How do we make effective decisions quickly enough to keep up with a large number of simultaneous problems in the same system?  Decisions are not always single actions, they are ongoing movements whose path can be altered.

One way to do this would be to make a best guess immediately, and then wait for better information that may reveal it as the optimal/suboptimal decision.  As the probability of the decision being in error increases, the likelihood that the decision needs to be changed also increases.

This can be thought of as repeated estimation, polling, and hypothesis testing.
I have previously visited the problem of how many computers to produce for a group of people.  If this is your first time reading, the basic design assumption is that products are used more like services, where a set of computers is shared by a number of people in a community.  My hypothetical example resulted in the derivation of Little’s Law, which relates the necessary size of a queue to the average time spent in the queue and the rate that members of the queue arrive.  However, when we start up a new community, or create a new service, we have no idea what values either of these parameters will take, so we have to make a guess at first.

It’s pretty safe to assume that for the vast majority of people, 8 hours a day will be the highest amount of time spent using any single service.  If we are trying to decide how many computers to build for, say, 100 people, our best first guess can be made using this 8h/d assumption.
There are 24 hours in a day, so we’ll say that each person is likely to use a computer for at most 1/3 of the day.  One-third of 100 is 33.33…, which we will round up to 34.  This is the initial guess for number of computers to produce.  For simplicity, let’s say it takes an infinitesimal amount of time to build them, and we start with all 34.

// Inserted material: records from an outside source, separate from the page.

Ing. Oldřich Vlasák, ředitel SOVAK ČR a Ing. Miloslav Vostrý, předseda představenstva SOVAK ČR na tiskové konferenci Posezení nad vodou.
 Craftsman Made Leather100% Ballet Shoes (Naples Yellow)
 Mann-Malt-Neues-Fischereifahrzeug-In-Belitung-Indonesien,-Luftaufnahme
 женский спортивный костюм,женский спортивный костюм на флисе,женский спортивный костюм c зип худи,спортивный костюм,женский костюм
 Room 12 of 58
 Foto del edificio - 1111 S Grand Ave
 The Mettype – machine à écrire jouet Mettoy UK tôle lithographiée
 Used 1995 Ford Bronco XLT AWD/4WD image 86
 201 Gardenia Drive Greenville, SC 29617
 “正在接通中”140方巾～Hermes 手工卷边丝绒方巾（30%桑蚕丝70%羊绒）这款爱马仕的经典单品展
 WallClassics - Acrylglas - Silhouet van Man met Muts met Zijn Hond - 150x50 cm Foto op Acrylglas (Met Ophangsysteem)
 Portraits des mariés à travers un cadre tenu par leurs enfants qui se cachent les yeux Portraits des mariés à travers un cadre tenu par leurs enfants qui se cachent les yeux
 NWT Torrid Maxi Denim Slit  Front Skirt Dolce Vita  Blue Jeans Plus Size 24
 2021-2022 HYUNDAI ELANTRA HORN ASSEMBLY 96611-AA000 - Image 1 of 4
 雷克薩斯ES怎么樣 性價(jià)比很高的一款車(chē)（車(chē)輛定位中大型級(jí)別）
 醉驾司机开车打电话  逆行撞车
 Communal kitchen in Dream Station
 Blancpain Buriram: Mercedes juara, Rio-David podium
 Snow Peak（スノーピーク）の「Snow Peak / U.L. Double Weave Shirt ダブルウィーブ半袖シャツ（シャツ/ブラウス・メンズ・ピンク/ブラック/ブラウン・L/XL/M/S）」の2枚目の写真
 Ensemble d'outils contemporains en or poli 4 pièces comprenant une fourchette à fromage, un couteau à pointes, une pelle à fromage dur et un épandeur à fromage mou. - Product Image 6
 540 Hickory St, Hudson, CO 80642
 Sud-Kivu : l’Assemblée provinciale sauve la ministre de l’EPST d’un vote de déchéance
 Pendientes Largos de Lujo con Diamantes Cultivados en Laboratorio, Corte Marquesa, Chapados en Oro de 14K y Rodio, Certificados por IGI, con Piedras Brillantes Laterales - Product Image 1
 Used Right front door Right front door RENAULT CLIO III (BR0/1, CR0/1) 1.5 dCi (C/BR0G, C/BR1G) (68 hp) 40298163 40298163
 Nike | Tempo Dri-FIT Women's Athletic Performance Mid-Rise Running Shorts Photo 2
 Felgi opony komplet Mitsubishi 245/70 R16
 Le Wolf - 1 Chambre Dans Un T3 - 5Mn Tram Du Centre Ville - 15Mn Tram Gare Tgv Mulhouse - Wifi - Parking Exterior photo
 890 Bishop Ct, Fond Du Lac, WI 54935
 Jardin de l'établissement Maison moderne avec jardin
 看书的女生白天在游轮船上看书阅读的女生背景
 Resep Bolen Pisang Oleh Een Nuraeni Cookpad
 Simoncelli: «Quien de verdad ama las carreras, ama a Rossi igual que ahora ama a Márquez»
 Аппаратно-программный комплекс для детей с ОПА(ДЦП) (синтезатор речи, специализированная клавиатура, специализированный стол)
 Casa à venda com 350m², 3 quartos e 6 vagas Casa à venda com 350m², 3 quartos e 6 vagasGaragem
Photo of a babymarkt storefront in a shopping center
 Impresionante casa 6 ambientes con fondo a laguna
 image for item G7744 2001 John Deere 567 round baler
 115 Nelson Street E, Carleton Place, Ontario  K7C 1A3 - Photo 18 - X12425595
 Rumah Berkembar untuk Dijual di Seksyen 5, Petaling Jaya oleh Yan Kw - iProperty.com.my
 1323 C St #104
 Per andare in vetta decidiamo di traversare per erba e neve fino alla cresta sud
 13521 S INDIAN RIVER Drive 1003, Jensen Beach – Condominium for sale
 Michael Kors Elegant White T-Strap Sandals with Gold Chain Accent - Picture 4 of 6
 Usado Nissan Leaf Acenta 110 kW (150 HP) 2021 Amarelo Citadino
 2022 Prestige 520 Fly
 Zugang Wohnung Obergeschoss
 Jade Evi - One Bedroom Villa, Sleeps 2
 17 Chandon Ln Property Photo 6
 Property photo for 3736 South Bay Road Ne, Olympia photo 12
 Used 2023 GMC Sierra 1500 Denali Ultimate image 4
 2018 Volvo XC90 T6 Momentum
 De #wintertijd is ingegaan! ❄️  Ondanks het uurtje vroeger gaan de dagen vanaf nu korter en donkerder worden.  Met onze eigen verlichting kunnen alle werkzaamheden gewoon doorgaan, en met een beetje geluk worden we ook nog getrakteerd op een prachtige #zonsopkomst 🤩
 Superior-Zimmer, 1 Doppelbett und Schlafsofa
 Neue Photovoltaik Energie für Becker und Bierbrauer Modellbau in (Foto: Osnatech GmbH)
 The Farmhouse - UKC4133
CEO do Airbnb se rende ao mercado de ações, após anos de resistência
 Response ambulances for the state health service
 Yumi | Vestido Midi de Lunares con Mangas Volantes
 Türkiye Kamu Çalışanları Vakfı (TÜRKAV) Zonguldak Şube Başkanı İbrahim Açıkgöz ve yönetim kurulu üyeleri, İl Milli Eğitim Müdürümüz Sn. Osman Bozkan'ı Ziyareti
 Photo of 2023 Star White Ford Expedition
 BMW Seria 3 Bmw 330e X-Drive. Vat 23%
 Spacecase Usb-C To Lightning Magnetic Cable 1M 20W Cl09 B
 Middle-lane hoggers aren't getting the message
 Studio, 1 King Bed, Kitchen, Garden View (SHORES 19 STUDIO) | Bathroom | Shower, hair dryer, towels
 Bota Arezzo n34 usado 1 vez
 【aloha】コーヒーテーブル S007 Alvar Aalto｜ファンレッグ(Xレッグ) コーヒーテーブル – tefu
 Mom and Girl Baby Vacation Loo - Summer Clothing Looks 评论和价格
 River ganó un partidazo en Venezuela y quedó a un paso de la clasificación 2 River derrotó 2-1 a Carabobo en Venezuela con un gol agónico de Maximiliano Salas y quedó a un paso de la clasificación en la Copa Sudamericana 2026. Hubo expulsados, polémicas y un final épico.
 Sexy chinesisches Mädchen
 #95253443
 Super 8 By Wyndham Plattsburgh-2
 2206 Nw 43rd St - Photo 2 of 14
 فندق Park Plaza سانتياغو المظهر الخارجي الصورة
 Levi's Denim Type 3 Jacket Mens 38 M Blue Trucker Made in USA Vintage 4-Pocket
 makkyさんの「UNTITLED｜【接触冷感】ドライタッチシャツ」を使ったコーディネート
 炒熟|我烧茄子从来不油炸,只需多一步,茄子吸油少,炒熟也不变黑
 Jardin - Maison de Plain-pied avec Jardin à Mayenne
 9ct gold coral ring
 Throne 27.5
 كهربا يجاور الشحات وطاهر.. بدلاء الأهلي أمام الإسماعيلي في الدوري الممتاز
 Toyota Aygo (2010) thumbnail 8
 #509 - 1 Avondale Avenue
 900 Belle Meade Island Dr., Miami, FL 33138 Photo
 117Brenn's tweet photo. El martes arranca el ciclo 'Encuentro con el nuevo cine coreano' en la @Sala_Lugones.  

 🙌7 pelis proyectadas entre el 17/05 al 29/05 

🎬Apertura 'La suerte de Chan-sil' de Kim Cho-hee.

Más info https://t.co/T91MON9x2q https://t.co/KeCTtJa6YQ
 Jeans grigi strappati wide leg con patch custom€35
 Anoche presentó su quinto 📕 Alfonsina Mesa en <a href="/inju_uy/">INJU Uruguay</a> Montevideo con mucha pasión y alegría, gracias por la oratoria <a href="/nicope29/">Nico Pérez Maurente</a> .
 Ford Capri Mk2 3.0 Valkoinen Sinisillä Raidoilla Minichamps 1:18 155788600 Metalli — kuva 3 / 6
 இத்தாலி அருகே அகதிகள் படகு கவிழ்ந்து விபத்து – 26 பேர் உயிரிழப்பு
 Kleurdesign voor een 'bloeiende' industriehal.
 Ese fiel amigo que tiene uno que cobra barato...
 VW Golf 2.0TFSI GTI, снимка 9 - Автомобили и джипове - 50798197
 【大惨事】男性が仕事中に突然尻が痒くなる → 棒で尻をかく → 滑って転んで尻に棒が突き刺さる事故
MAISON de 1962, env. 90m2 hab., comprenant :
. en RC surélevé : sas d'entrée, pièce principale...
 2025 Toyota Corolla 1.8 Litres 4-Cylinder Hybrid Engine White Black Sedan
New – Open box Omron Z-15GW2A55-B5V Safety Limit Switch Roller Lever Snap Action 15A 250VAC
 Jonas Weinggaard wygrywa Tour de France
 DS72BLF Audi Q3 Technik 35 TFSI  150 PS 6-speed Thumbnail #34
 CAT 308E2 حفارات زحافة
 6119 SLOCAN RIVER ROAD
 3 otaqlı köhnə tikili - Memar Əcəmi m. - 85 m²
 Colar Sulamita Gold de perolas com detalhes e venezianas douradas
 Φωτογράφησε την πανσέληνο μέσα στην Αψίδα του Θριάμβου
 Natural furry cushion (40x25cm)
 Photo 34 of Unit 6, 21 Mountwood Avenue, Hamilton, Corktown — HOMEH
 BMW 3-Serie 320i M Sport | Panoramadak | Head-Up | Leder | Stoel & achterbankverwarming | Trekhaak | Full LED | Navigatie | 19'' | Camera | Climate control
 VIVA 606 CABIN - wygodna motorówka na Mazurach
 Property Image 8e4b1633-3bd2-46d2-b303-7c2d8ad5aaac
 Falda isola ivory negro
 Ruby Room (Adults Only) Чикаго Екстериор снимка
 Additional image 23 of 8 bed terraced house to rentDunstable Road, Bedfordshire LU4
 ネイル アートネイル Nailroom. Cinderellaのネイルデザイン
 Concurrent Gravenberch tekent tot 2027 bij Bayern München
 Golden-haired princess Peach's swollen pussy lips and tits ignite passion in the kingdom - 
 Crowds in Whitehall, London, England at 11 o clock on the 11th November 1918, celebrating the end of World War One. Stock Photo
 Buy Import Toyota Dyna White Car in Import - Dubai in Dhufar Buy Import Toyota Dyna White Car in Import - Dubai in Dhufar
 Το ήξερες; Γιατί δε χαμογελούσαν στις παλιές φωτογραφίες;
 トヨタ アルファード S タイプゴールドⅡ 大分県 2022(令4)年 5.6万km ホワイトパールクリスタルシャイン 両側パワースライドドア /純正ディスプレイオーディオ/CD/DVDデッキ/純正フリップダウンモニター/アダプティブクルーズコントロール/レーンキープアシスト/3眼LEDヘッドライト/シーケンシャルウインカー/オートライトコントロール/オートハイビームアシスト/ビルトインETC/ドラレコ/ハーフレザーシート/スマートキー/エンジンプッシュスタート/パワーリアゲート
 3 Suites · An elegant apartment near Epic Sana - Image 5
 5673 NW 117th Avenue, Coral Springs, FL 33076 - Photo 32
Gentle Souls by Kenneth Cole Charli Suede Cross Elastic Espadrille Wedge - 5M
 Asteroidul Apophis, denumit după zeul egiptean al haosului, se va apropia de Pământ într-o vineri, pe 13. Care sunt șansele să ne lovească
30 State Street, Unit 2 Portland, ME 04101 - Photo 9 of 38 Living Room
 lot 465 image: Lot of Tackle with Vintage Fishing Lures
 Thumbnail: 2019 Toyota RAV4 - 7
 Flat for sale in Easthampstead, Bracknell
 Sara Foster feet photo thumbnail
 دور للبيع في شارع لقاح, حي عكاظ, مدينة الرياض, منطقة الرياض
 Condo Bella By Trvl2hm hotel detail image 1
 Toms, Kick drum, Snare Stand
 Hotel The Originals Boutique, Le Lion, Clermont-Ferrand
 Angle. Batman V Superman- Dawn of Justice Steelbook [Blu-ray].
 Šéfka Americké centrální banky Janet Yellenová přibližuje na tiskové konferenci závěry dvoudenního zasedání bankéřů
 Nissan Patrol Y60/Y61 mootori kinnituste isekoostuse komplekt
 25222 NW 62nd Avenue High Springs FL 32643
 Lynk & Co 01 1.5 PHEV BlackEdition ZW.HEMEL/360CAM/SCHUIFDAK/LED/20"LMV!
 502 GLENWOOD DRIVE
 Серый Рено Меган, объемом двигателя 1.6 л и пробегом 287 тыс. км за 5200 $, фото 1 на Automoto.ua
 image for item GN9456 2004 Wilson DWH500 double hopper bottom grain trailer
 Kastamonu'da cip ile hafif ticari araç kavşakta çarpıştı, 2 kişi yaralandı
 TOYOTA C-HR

Now, after a short period, we have enough data to be considered a fairly large sample, and it appears that the sample mean use time is actually 5.85h/d.  This is significantly less than our original guess.  Now comes the hypothesis testing:
H_0, the null hypothesis, is our original guess, which says that the mean is 8h/d
H_a, the alternative hypothesis, is our observation, which is 5.85h/d.
We should perform a z-test on this, which is the equivalent of asking,
“If the actual mean were 8 hours a day, what would be the probability that we would observe the mean to be 5.85 hours a day?”

I lost some of the details of this calculation in the intoxicated haze the original draft was written in, but the outcome of the Z-test was that the probability in this case was 2%; the likelihood of observing 5.85h/d average when the true average is 8h/d is only 2%.  In other words, it is 98% certain that we have overestimated the number of computers we needed to produce.

Now, let’s revise our earlier calculation: 24/5.85 = 4.1; The reciprocal of 4.1 is 0.24375, and multiplying this by the population of 100 gets us 24.375, which we will round up to 25.  This is a 26% reduction in the number of computers needed.

Now we have an additional problem: What do we do with these extra computers that we have on hand?  There are three obvious possibilities:

  1. Repurpose: Transport the computers somewhere they are needed.This is workable provided the following conditions hold true:
    1. The computers are needed elsewhere
    2. The energy requirements for transportation of these computers is the lowest among the three options
  2. Recycle: Deconstruct the computers into their constituent materials for something else.
    Conditions:
    1. The energy use is the lowest among the three options.
  3. Store and wait for a deficit: Store the computers for a set period and signal other communities of a surplus state.  Wait for a signal from another community of a deficit state.
    Conditions:
    1. The variance in demand for computers is high (or, this is early in the production stages and the likelihood of incorrect guesses is high)
    2. The energy use is lowest among the three options.

Assuming this community already had the space for all these computers, (3) will probably be the best option, at least for a short period of time.

In a different case, say we didn’t produce enough computers.  Our choices here are essentially converse to the previous three: Request more, build more, and wait for a surplus.

Notice that in all three possible actions, we want to pick the one with the lowest energy use.  In the near future, i.e. in the next century or so, it is a near-certainty that we will be operating under energy constraints.  Renewable energy sources work, but it is not yet clear that a reliable, high-energy infrastructure like the one we have now will be immediately possible.  It would be very wise to operate under the assumption that we will have to constrain our energy use, so it becomes very important to account for the energy use of our decisions.

As it turns out, money is (usually) an indirect account of energy use.  However, the way money is used to make decisions encourages increasing energy scales and decisions based on personal gain rather than community gain.  Money is traded for the goal of profit, resulting in the maximum number of products to fulfill a given demand.  By using energy-minimizing actions to fulfill demand, we come up with a minimal number of products, which means more user demands can be fulfilled with a given material and energy supply.  It requires a restructuring of the way we use things and think about civilization, but this process is already well under its way.